Se levantó y se vistió, sin hacer ruido, para no despertar a sus hermanas. Habían matado a Trujillo, era seguro. Y estaba en marcha un golpe de Estado, encabezado por Román. ¿Para qué podía llamarlo a la Fortaleza 18 de Diciembre? Para obligarlo a renunciar, arrestarlo o exigirle que apoyara el levantamiento. Lucía torpe, mal planeado. En vez de telefonear, debió mandarle una patrulla. Román, por más que estuviera al mando de las Fuerzas Armadas, carecía de prestigio para imponerse a las guarniciones. Aquello iba a fracasar.

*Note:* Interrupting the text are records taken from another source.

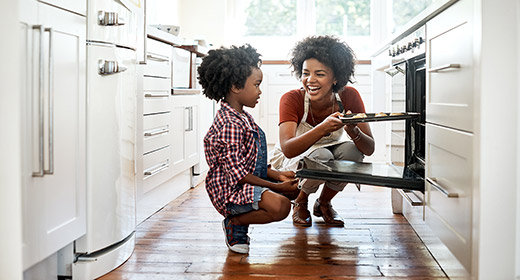 Mom with her young daughter baking and putting cookies in an oven in the kitchen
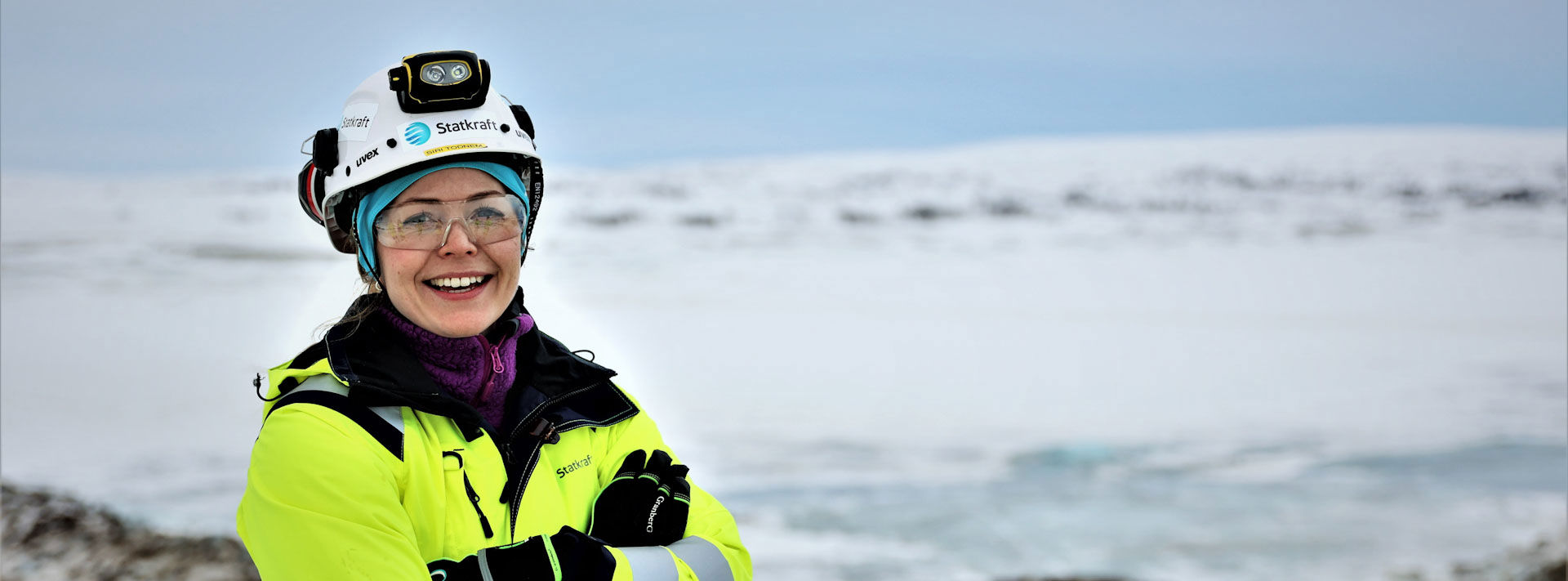 Woman smiling in work attire in snowy mountains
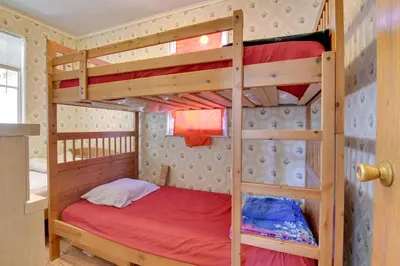 a bunk bed room with two bunk beds in it at Shared Fire Pit and Kayaks Catskills Lake Retreat! in Ellenville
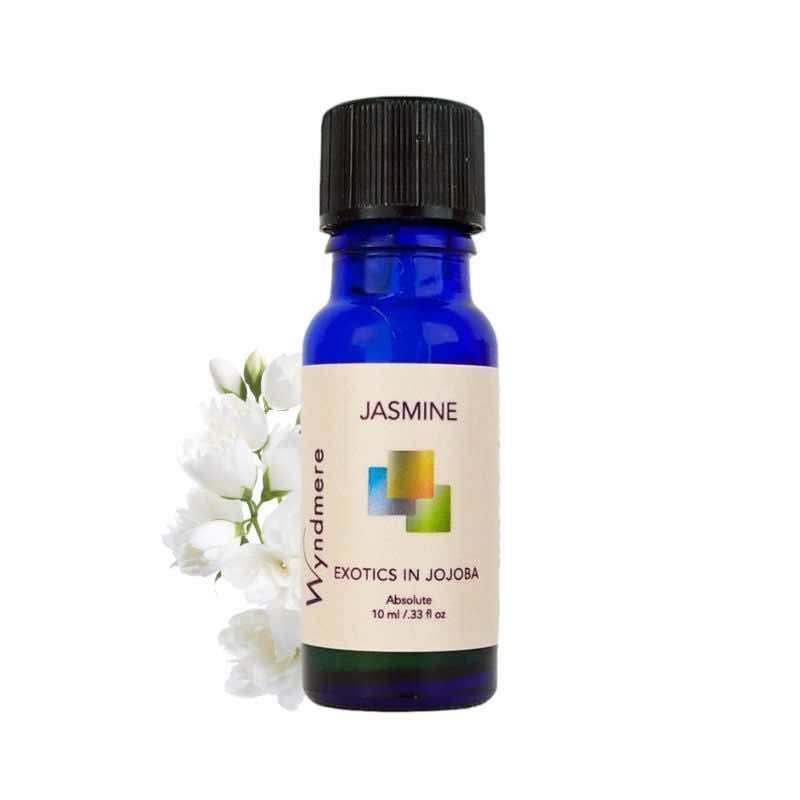 Jasmine flowers with Wyndmere Jasmine Oil diluted in Jojoba in a 10ml cobalt blue bottle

Salió y pidió al retén de guardia que despertara a su chofer. Mientras éste lo llevaba al Palacio Nacional por una avenida Máximo Gómez desierta y a oscuras, anticipó las horas siguientes: enfrentamientos entre guarniciones rebeldes y leales y posible intervención militar norteamericana. Washington requeriría algún simulacro constitucional para esta acción, y, en estos momentos, el Presidente de la República representaba la legalidad. Su cargo era decorativo, cierto. Pero, muerto Trujillo, se cargaba de realidad. Dependía de su conducta que pasara, de mero embeleco, a auténtico jefe de Estado de la República Dominicana. Tal vez, sin saberlo, desde que nació, en 1906, esperaba este momento. Una vez más se repitió la divisa de su vida: ni un instante, por ninguna razón, perder la calma.